Бывало поздней ночью, когда спят наши четверо и отдежурившие конвойные, Маруся, я, Швецов и Водянов, а иногда еще кто-нибудь из конвойных стоим около открытого окна и тихо, чтобы не будить спящих, беседуем, вдыхая свежесть летней ночи… С нами ехал их начальник, старый полковник, бывший почти всю дорогу навеселе, и фельдфебель. Распоряжался собственно фактически последний, человек средних лет, с неслышной походкой и мягкими кошачьими движениями… Он первый из всех стал заговаривать с нами. Много говорил с Лидией Павловной Езерской, причем высказывал взгляды самые либеральные.
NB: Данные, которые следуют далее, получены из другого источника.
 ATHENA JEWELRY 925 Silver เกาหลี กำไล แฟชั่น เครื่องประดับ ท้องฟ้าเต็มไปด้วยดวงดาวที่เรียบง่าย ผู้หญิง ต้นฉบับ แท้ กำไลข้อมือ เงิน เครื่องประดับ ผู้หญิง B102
Потом, когда конвойные подошли к нам, они открыли нам глаза на него — черносотенца по убеждениям, хитрую лису, зорко смотрящую за благонадежностью своей команды. Всю дорогу с нами он был притворно любезен.
Подполковник Ачинский был совершенно другого типа, чем прежний. Тот джентльмен, но сухой формалист, служака престолу и отечеству не только за страх, но и за совесть. Этот добродушный веселый старичок без всяких по-видимому, убеждений, но любивший свою команду, как детей. Он много раз нам хвастался, что он устроил своей команде библиотеку, по воскресеньям кормит их котлетами и следит, чтобы их подушки были в чистых наволочках и у них самих чистые рубахи (они действительно были необыкновенно опрятны).
— Это не конвойная команда… Это институт у меня, — с улыбкой говорил он нам.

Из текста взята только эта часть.